(Short text fragments from websites)

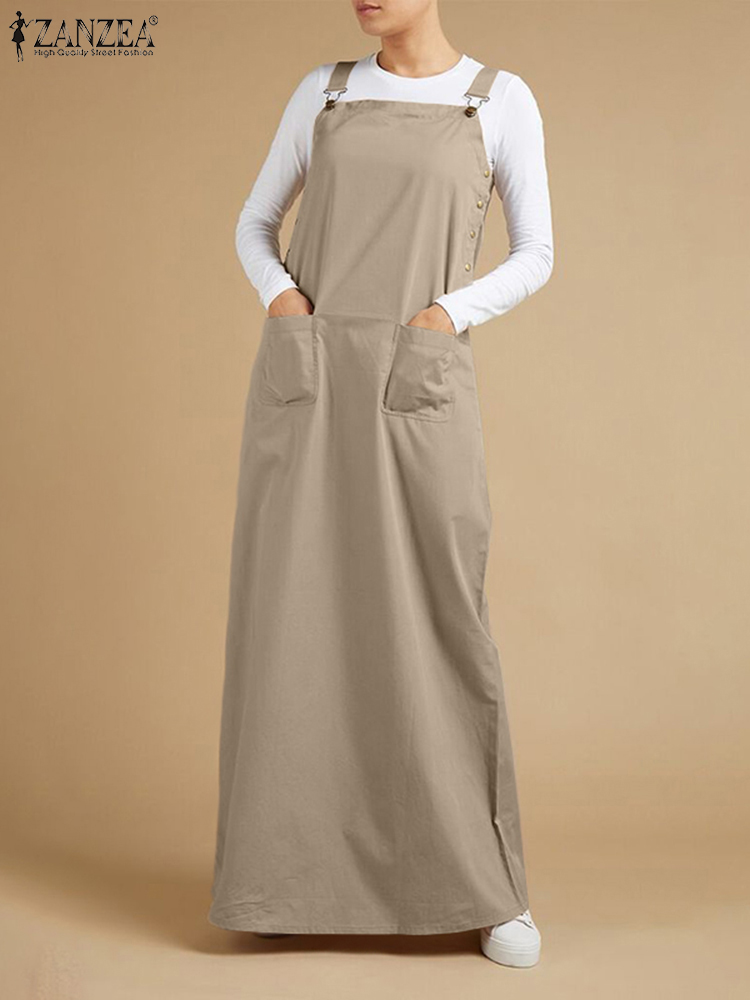 Femmes automne Robe d'été ZANZEA 2025 caftan bretelles Robe élégante solide salopette robes femme col carré boucle Maxi Robe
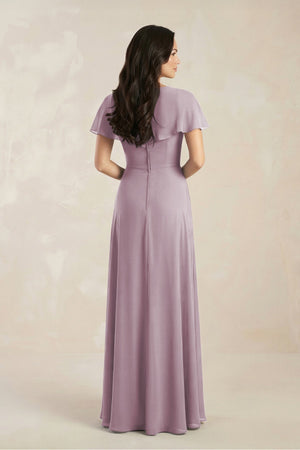A - Line Short Sleeve Chiffon V - Neck Bridesmaid Dress in Dusk - KissProm Bridesmaid Dresses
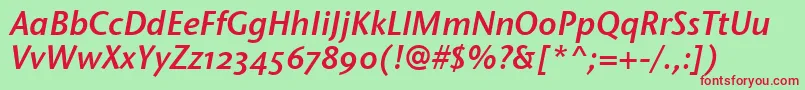 StoneSansSemOsItcttSemiita Font – Red Fonts on Green Background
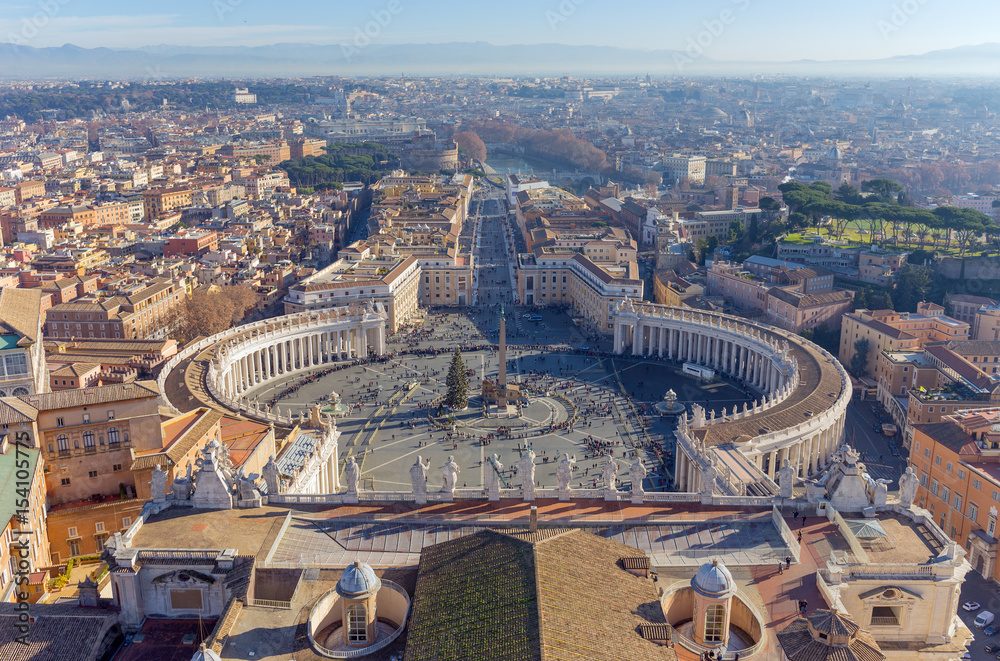 Saint Peter's Square in Vatican and aerial view of the city, Rome, Italy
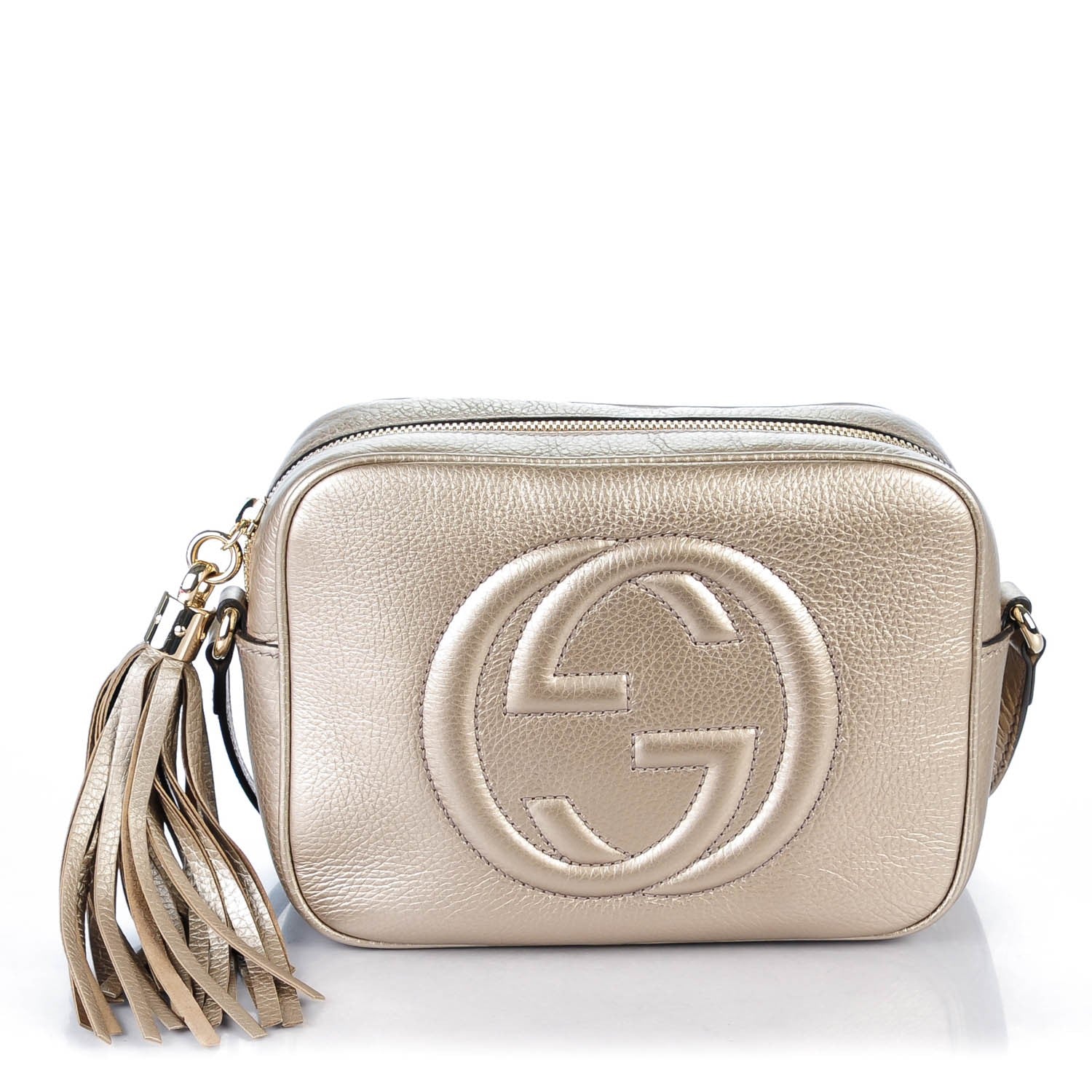 Gucci Metallic Pebbled Calfskin Small Soho Disco Bag Golden Beige 1 of 6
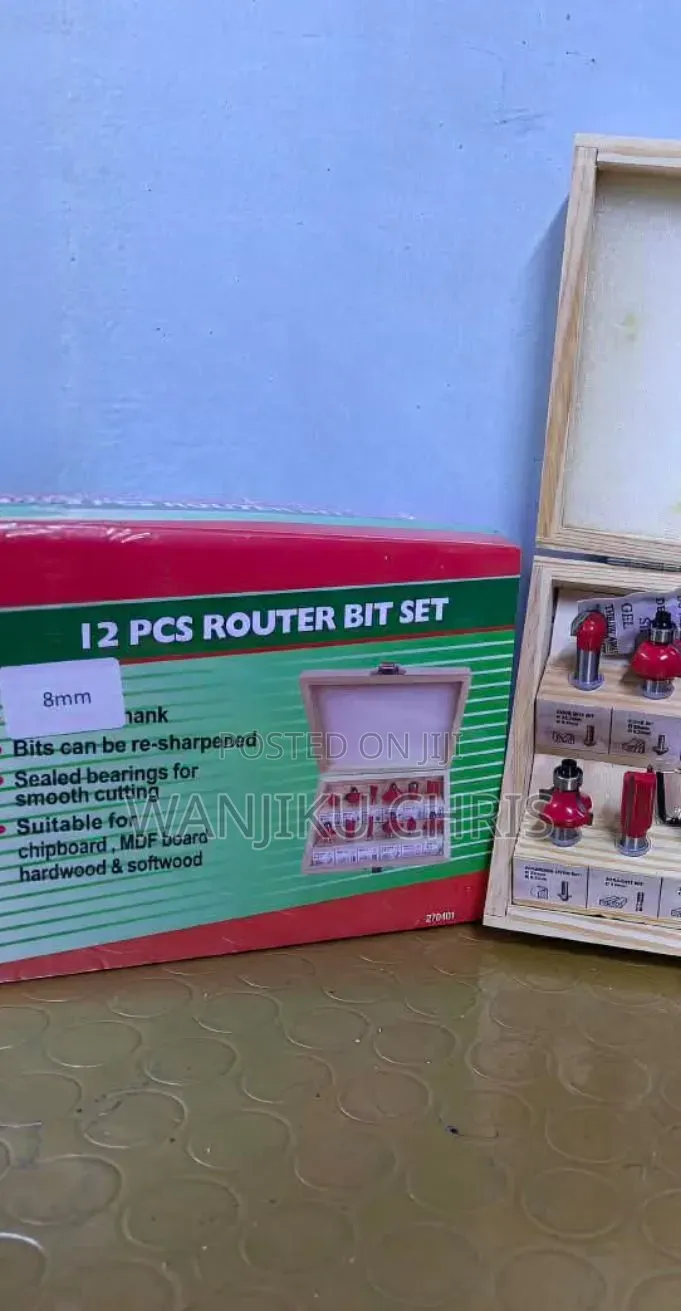 12 Piece Tungsten Carbide Woodworking Router Bit Set 8mm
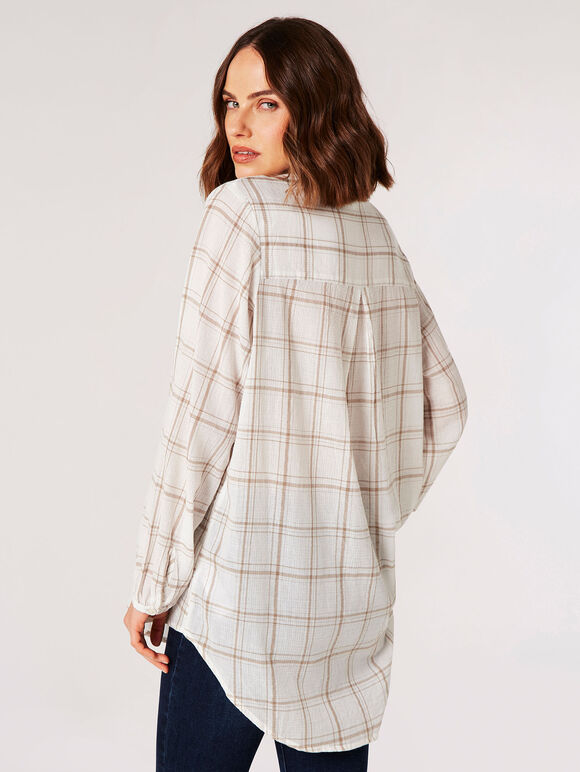 Check Print Oversized Shirt, White, large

TASK TO CARRY OUT → Exactly the lines from the one containing "12 Piece Tungsten" through the end of the data above: repeat those, both ends included, and nothing else. Skip the pictures.

TASK RESPONSE →
 12 Piece Tungsten Carbide Woodworking Router Bit Set 8mm
 Check Print Oversized Shirt, White, large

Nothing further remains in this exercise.